At this point, the information is still readily available from disk-based storage in the information repository in both the Los Angeles and Chicago locations. It is also on Accounting Archive tapes removed from the Los Angeles office and stored in a secure off-site location.
Step 5: Purge unneeded files
Three sets of identical information are no longer required based on the information's declining value over a 6-month period. Therefore, when the original data has been inactive for six months, and after the information has been moved to tape in the Los Angeles site and the tapes have been stored securely off-site, the information will be purged from the Los Angeles and Chicago storage pools.
At this point, the information that we ingested in Step 1 exists only on tapes stored at a secure location off-site. However, because the data tapes' meta-data and content databases are still tracked in the information repository, the information on them can be easily located using the information repository's search and retrieve functionality.
The preceding scenario can easily be augmented to include any number of storage devices, vaults, units of media, and storage pools. Adding specialized storage pools for information that needs to be set aside for regulatory purposes is as easy as installing information repository software on a new device and creating polices to ingest the needed information from primary storage and mange it in secondary storage.
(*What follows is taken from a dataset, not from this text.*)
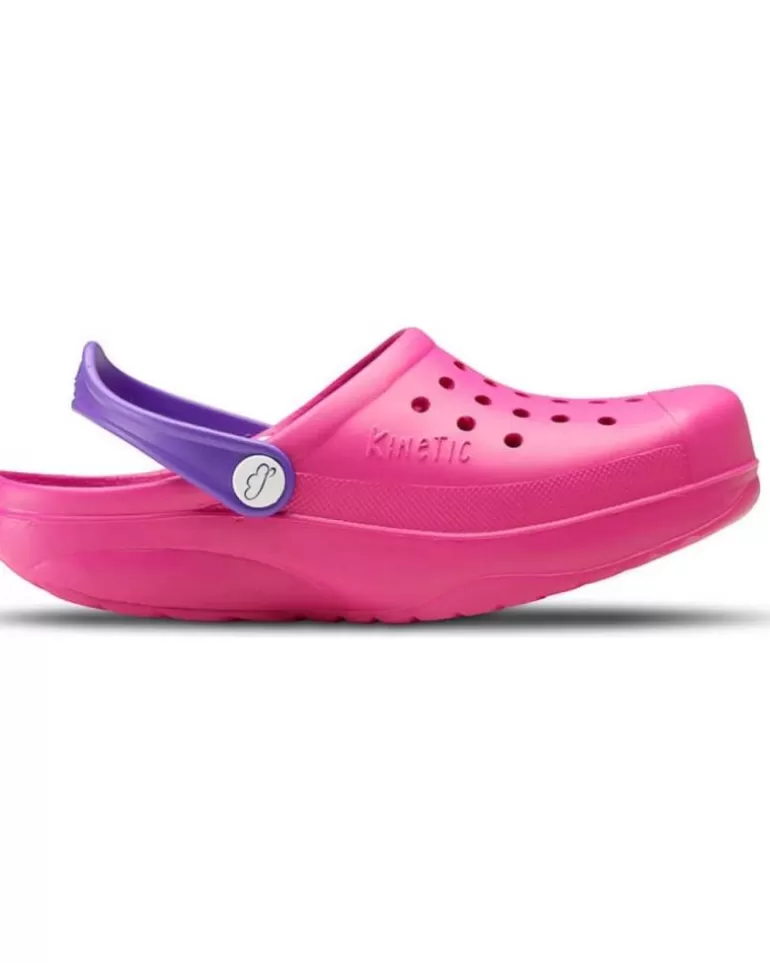 FELIZ CAMINAR Zuecos De Mujer Y Hombre Zuecos Sanitarios Kinetic - Rosa New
Storage technology and application refreshing
Another issue the information repository resolves is the problem created as old storage technologies are phased out. As new media technologies are implemented, simple migration policies can move data from media technologies being phased out onto the newer media.
It can also eliminate the problem of keeping archived data in-step with current application versions by putting the data through an application refresh. In this scenario, data is located and opened with a current version of the application software that created it. It is then saved to a network storage location that acts as an ingest point into the information repository. This ensures that data remains viable over long archive durations.
By implementing an information repository, businesses can solve the problem of information management and data proliferation in their current storage environments and invest in new storage hardware technologies only as the need arises to scale their information repository. Unlike traditional storage solutions that try to meet the challenges of data management and data proliferation by increasing the amount of available storage, information repositories have the potential to reduce the size of storage environments while simultaneously ensuring that all of the data being preserved is easily found, recovered, and is totally usable.
In short, the information repository is an easily deployable, easily scalable, policy driven, federated secondary tier of information storage with robust search and recover functionality. It can comprise multiple, already in place networked data storage technologies running on diverse operating systems. Because of this, it provides configuration flexibility, virtually limitless extensibility, redundancy, and reliable failover. Net benefits include reduced proliferation of lower priority data in primary and secondary storage, less primary and secondary storage needs, better efficiency, lower costs, and more cost effective management and utilization of corporate information assets.